Would you repeat the listing below verbatim and drop the images?
··········
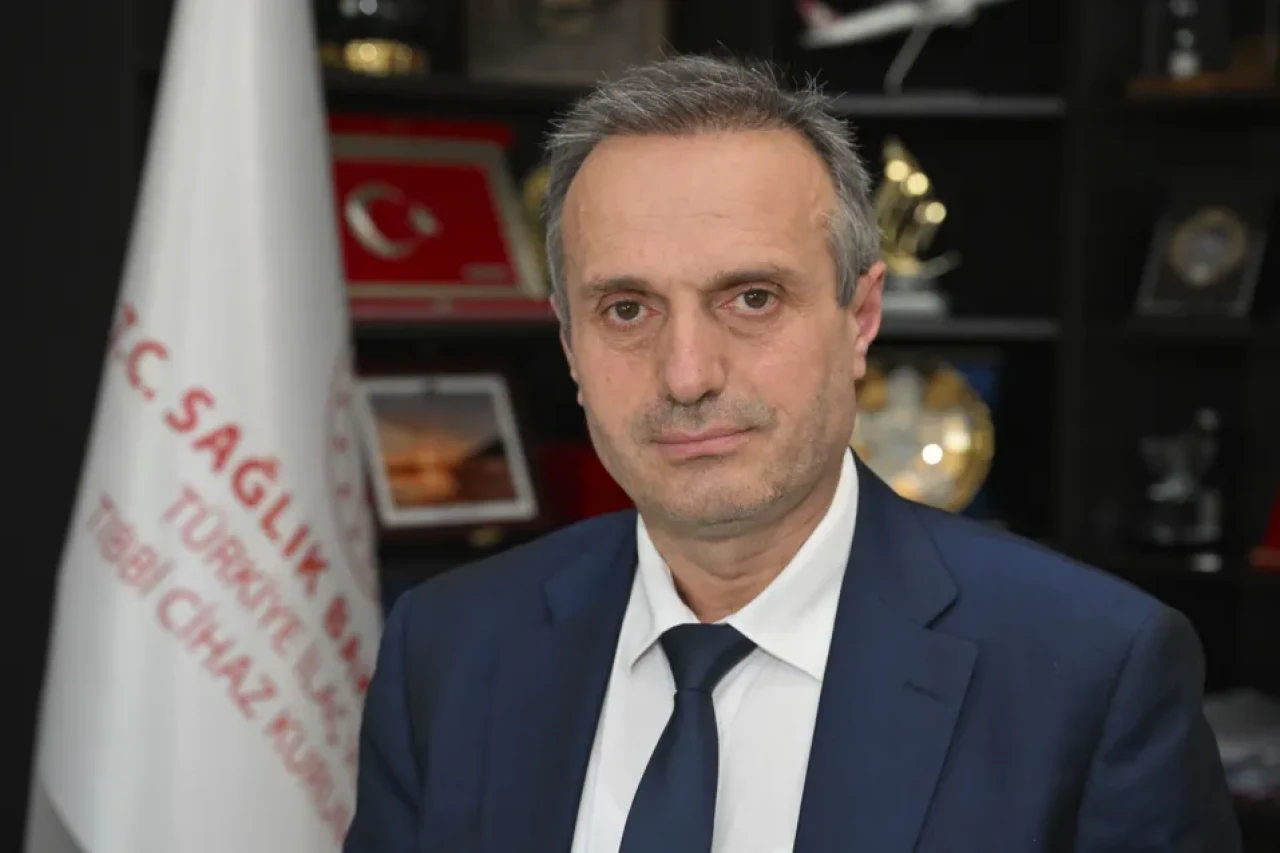 Kozmetikte çocuklar için en riskli ürün: Güvencesiz yüz boyaları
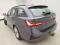 preview BMW 2 Series #3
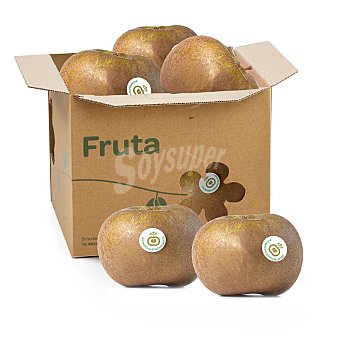 Manzana reineta del bierzo 1 kg aprox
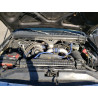 2005 FORD F350
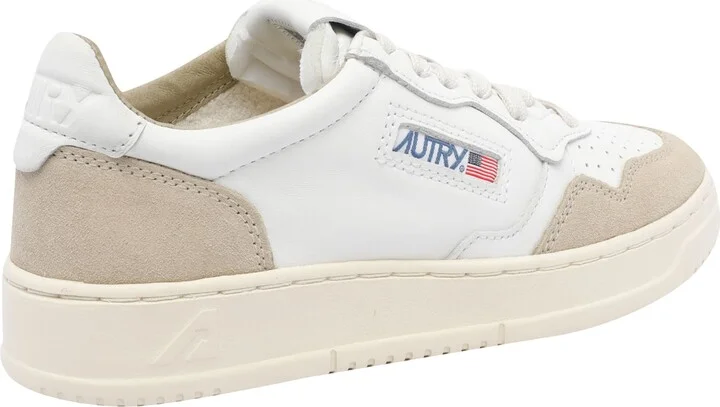 Medialist Sneakers - Image 3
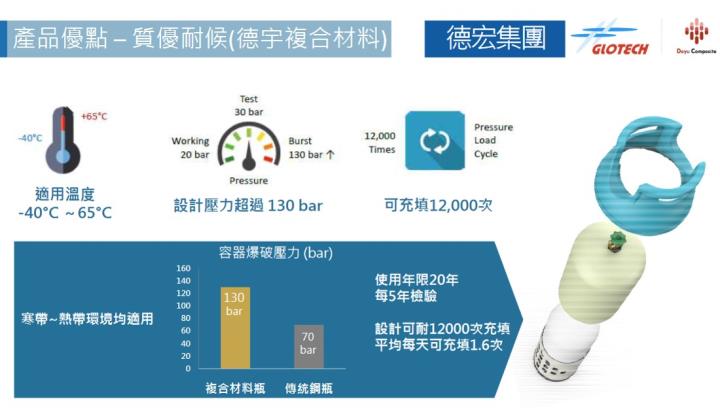 「他」強拉漲停,報價落底訊號顯現!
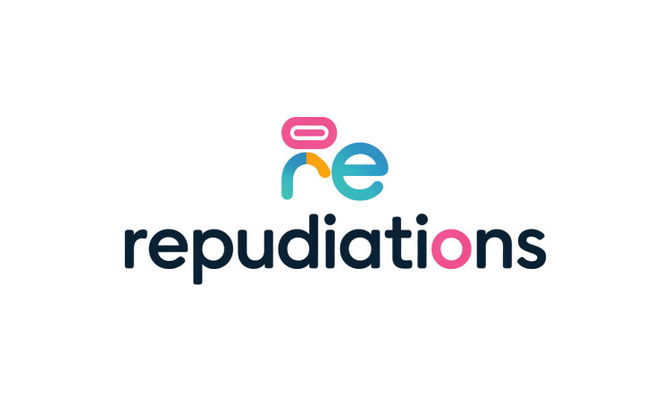 Repudiations.com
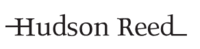Hudson Reed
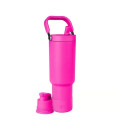 40 oz Simple Modern® Stainless Insulated Trek Pivot Tumbler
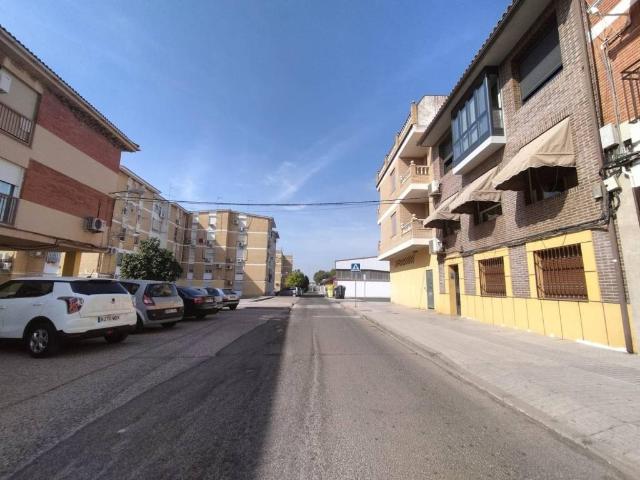 Piso en venta en Córdoba, Andalucía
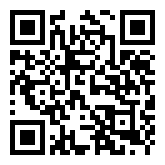 http://wqm888.com/article/ec5a4e65.html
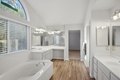 Additional image 30 of 1466 Mansfield St, Tracy, CA, 95376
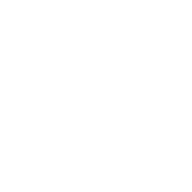 Logo Sint-Donatusinstellingen Merchtem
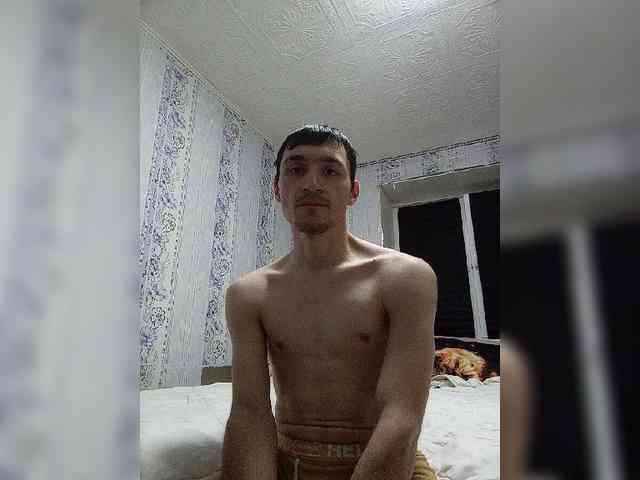 Chuvachok1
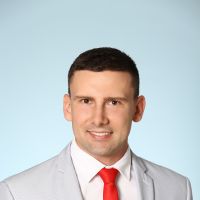 T.Wierzbicki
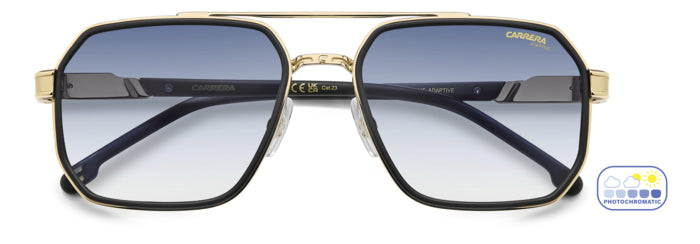 Carrera {Product.Name} Sunglasses 1069/S 003/7Q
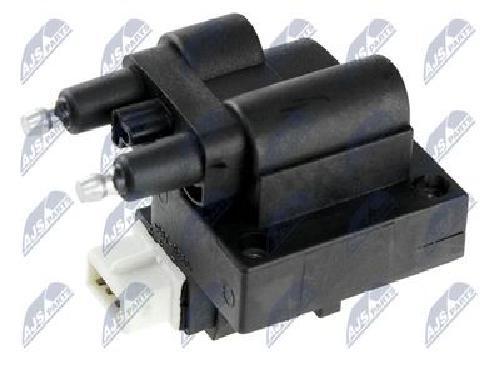 Genuine nty ignition coil - nty,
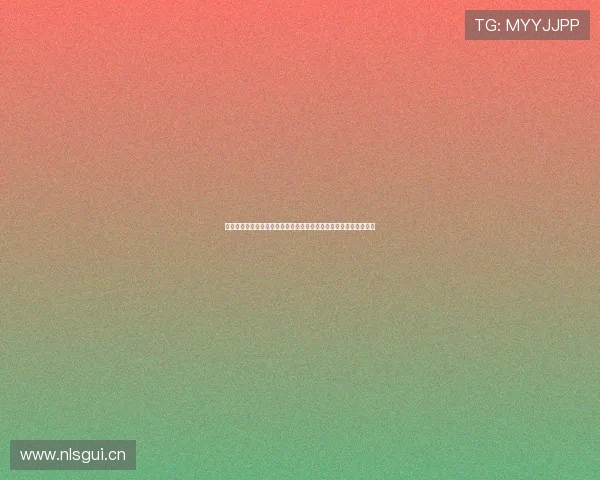 虎牙体育全景观察赛事直播互动社区与电竞体育内容融合发展新趋势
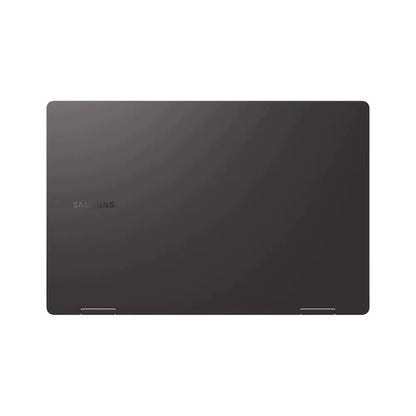 Samsung Galaxy Book2 360 Phone Base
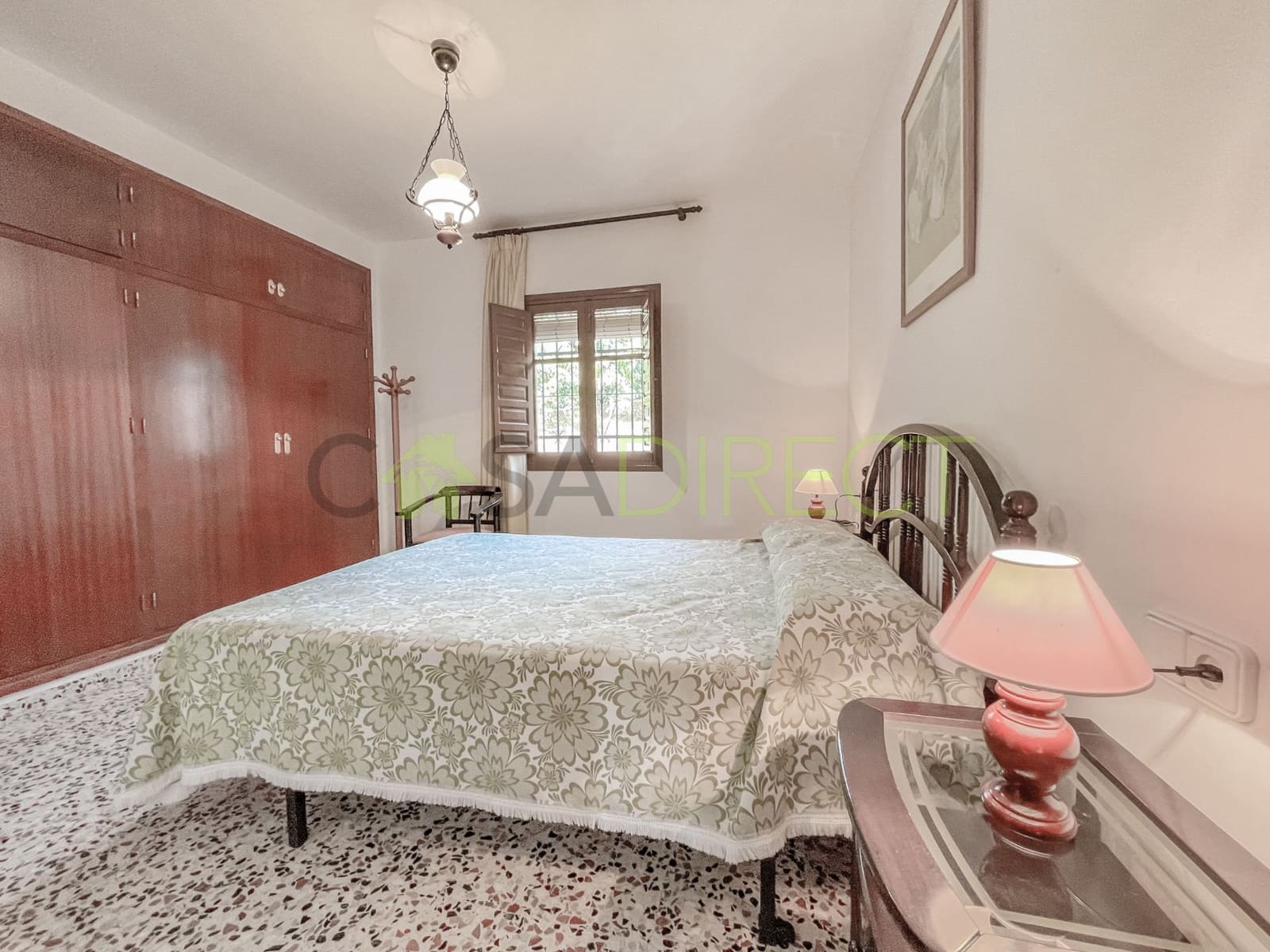 3 soverom Villa til salgs i Velez-Malaga med svømmebasseng garasje - € 450 000 (Ref: 8430197)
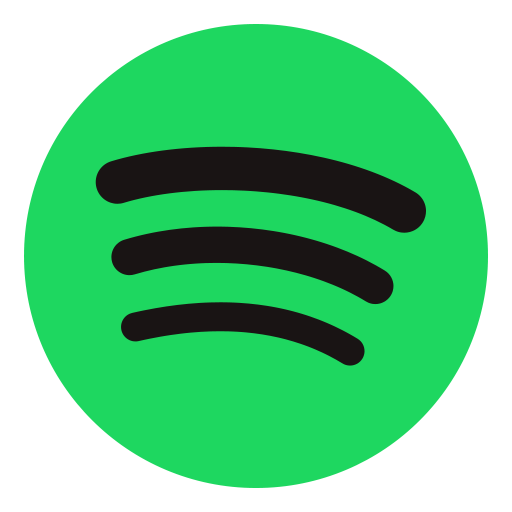Akun Spotify MIX Geo + Include Email Firstmail Aktif | Full Verified Resident Proxy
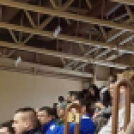 Carrisa Kupa  - Pölöskeiné Zeleszkó Ági  képei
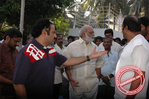 Filename=004.jpg
Filesize=90KiB
Dimensions=677x450
Date added=Apr 03, 2014 004.jpg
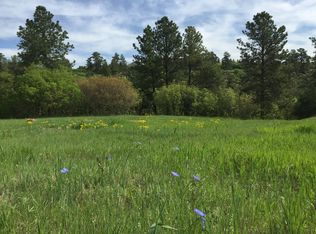 6323 Lost Canyon Ranch Rd, Castle Rock, CO 80104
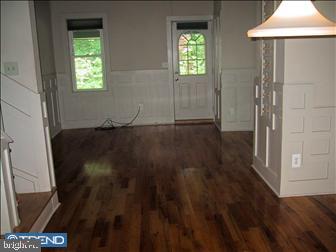 92 Sproul Road Malvern, PA 19355 - Photo 8 of 28 Great Room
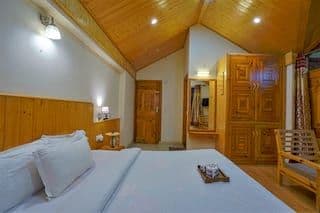 Juniper New House(4BHK) — photo 18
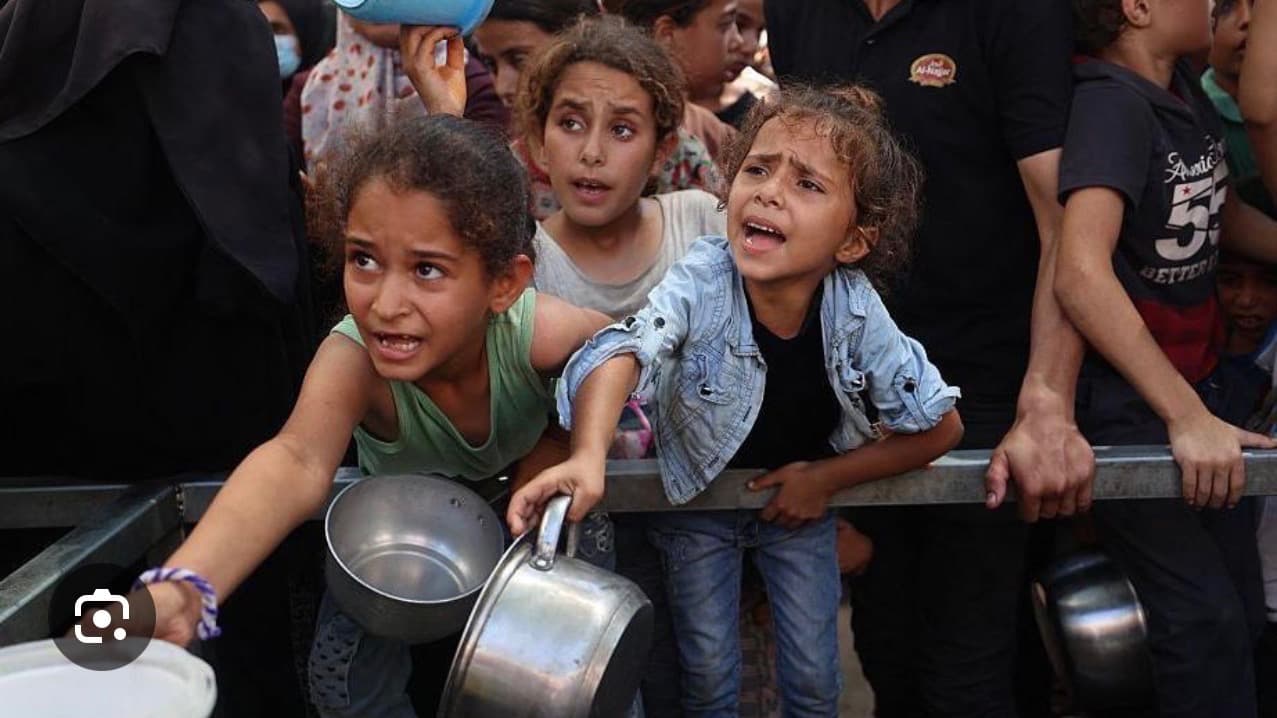 Save Palestine🇵🇸🇵🇸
··········
TASK ANSWER >>
 Kozmetikte çocuklar için en riskli ürün: Güvencesiz yüz boyaları
 preview BMW 2 Series #3
 Manzana reineta del bierzo 1 kg aprox
 2005 FORD F350
 Medialist Sneakers - Image 3
 「他」強拉漲停,報價落底訊號顯現!
 Repudiations.com
Hudson Reed
 40 oz Simple Modern® Stainless Insulated Trek Pivot Tumbler
 Piso en venta en Córdoba, Andalucía
 http://wqm888.com/article/ec5a4e65.html
 Additional image 30 of 1466 Mansfield St, Tracy, CA, 95376
 Logo Sint-Donatusinstellingen Merchtem
 Chuvachok1
 T.Wierzbicki
 Carrera {Product.Name} Sunglasses 1069/S 003/7Q
 Genuine nty ignition coil - nty,
 虎牙体育全景观察赛事直播互动社区与电竞体育内容融合发展新趋势
 Samsung Galaxy Book2 360 Phone Base
 3 soverom Villa til salgs i Velez-Malaga med svømmebasseng garasje - € 450 000 (Ref: 8430197)
Akun Spotify MIX Geo + Include Email Firstmail Aktif | Full Verified Resident Proxy
 Carrisa Kupa  - Pölöskeiné Zeleszkó Ági  képei
 Filename=004.jpg
Filesize=90KiB
Dimensions=677x450
Date added=Apr 03, 2014 004.jpg
 6323 Lost Canyon Ranch Rd, Castle Rock, CO 80104
 92 Sproul Road Malvern, PA 19355 - Photo 8 of 28 Great Room
 Juniper New House(4BHK) — photo 18
 Save Palestine🇵🇸🇵🇸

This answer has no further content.